Wednesday, 14 December 2016

Diario Minimo - Liturgie del potere e "segni dei tempi" (di Vincenzo Scotti)

L’anno 2016 si avvia alla conclusione. Non è stato un anno “breve” e di “passaggio” ma, al contrario, è stato un anno destinato a lasciare un segno forte nella storia del mondo. Non c’è stata l'esplosione di una rivoluzione all'insegna dell’anti - politica e del populismo, così come i mass media hanno raccontato e commentato nel susseguirsi delle vicende sociali e politiche. A ben guardare, nel convulso dipanarsi dei fatti comincia a farsi strada l’idea che, nei Paesi di antica industrializzazione, la società è certamente una società secolarizzata, laica che ha accolto l’insegnamento della razionalità così come ci è stata trasmessa dalla scienza moderna e dalla economia dello sviluppo capitalistico. Ma da ciò non si deve trarre la falsa conseguenza che sia una società che rifiuta ideali, identità forti, prospettive di lungo periodo. In questi ultimi anni siamo spettatori del progressivo disvelamento di questo cambiamento maturato nel tempo e di cui non ci siamo accorti; non siamo stati capaci di rispondere alle sfide uscendo dalle vecchie analisi e ideologie racchiuse nelle due grandi opzioni di "destra" e "sinistra", entrambe collocantesi dentro il tentativo della politica di cercare la sua sicurezza nel patto di assoggettamento e di dominio.

Alla fine, "destra" e "sinistra" sono approdate a forme di totalitarismo e di integralismo che hanno prodotto e stanno producendo tragedie immani. Il dato politico da cui non possiamo prescindere è che la società non può più continuare a essere "materia bruta" per le manipolazioni di un monopolio della politicità, nelle mani di un ceto che si chiami partito, movimento, rete web. 

Siamo abituati a classificare come anti politica le scelte elettorali dei cittadini riferite alle proposte del ceto politico.
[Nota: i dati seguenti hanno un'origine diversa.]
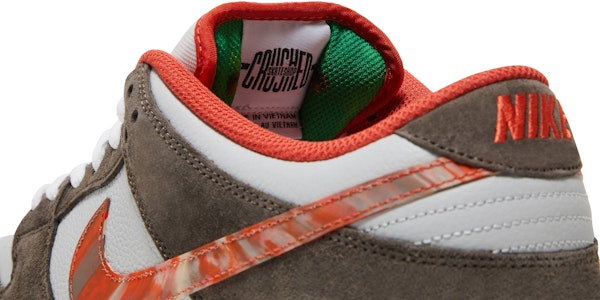 Crushed Skate Shop x Nike SB Dunk Low QS 'Kelabu Zaitun/Jingga Mantra' DH7782-001 1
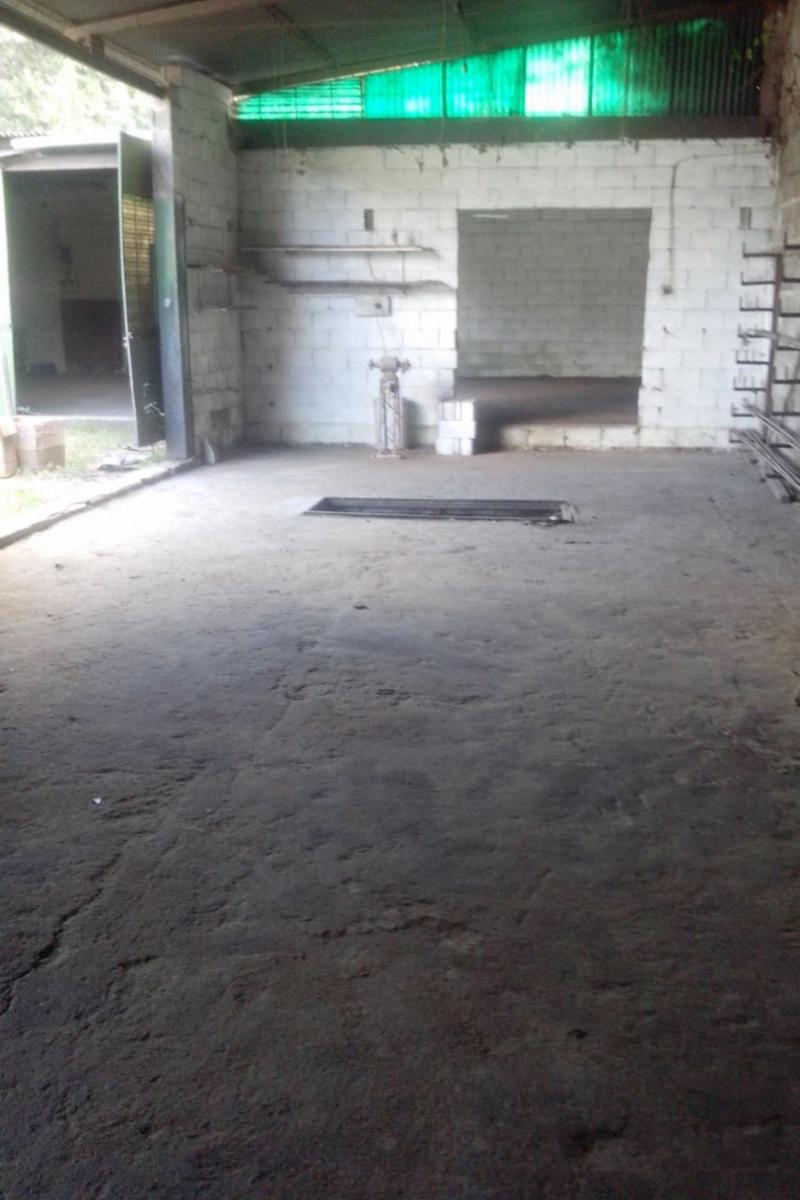 GALPÓN EN RÍO CEBALLOS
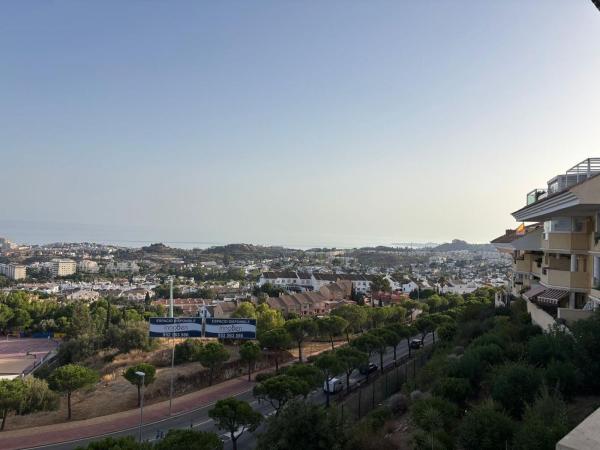 Продажа квартиры на Piso en Avenida Cuba de, Santangelo, Benalmádena, Бенальмадена
thumbnail 2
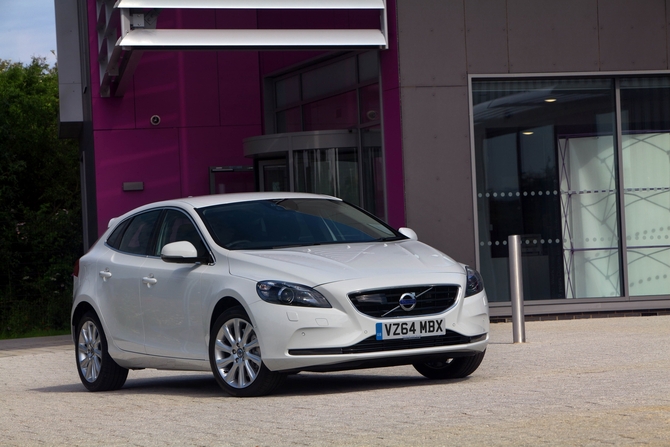 Volvo V40 D2 Momentum Eco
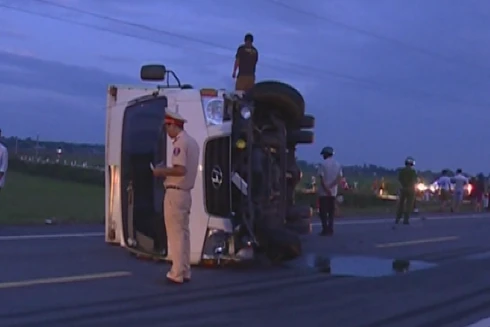 Taxi tông ô tô đông lạnh lật nghiêng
Il ceto non percepisce che, alla domanda di autonomia e di compartecipazione alla “politica”,  vengono proposte sia un'astratta coerenza delle proposte con il "mercato" e non con la "giustizia" che una razionale efficienza delle istituzioni pubbliche che portano a un ulteriore restringimento dell’area della partecipazione.

In questi giorni, guardando alla liturgia dei riti del potere politico al suo più alto livello, il Quirinale, pensavo quanto questi riti siano ormai totalmente vuoti di significato simbolico e quindi in grado di coinvolgere la partecipazione e scatenare la "passione" di una identità nazionale. Quello che le televisioni hanno trasmesso e che i giornali hanno descritto è stato il freddo sfarzo di una Corte fondato sul potere e non sulla autorevolezza. Si è visto un presidente mite e di grande spessore ma apparso come “sovrano”, quasi spaesato dentro un Quirinale regale, circondato da tutti i suoi uomini, a partire dai corazzieri, che hanno conservato i riti del cerimoniale vaticano e sabaudo di tempi andati.

Papa Francesco, fin dall'inizio del suo Pontificato, ha dato  un taglio netto alla sua Corte, dismettendo tanti dei simboli del potere destinati ormai solo a creare una barriera di incomunicabilità tra le persone e il Papa stesso. Era sembrato, per qualche istante, che anche i poteri temporali del mondo facessero la stessa operazione ma, purtroppo, ciò si era rivelata una illusione avendo, il potere temporale, quasi più bisogno del potere spirituale di marcare la distanza con il popolo attraverso i segni della forza per governare.

Nel recente voto referendario, al di là del fuoco concentrico su Renzi che, senza protezione, si era esposto a un facile tiro al bersaglio, il confronto non si è concentrato su una idea politica capace di scatenare una scintilla nella direzione di un cambiamento necessario al Paese reale, anche se talvolta apparso confuso.

Il confronto si è focalizzato su questioni di architettura costituzionale riguardante questioni di efficienza apparsi fini a se stessi. Per esempio, è balzato in primo piano il tema della riduzione dei costi della politica sui quali, alla fine, il risultato non era tale da spostare la dimensione degli investimenti per lo sviluppo e il valore assoluto del risparmio non era così significativo rispetto all’ammontare totale della spesa pubblica e del debito pubblico. Il fronte del no, pur non indicando una credibile ipotesi alternativa, nonostante i tanti anni di sterile iniziativa, non ha messo sul tavolo una idea politica forte e capace di dare un'anima al cambiamento.

Allora, cosa fare? Cerchiamo, in primo luogo, di leggere i "segni dei tempi": quale è l’aspirazione di fondo e la ragione profonda di quella che chiamiamo “protesta” ? Non è certamente il bisogno di un "governo- ponte", pensando che tutto si riduca a un cambio di passo e che non sia necessaria, invece, una svolta radicale nella direzione di marcia.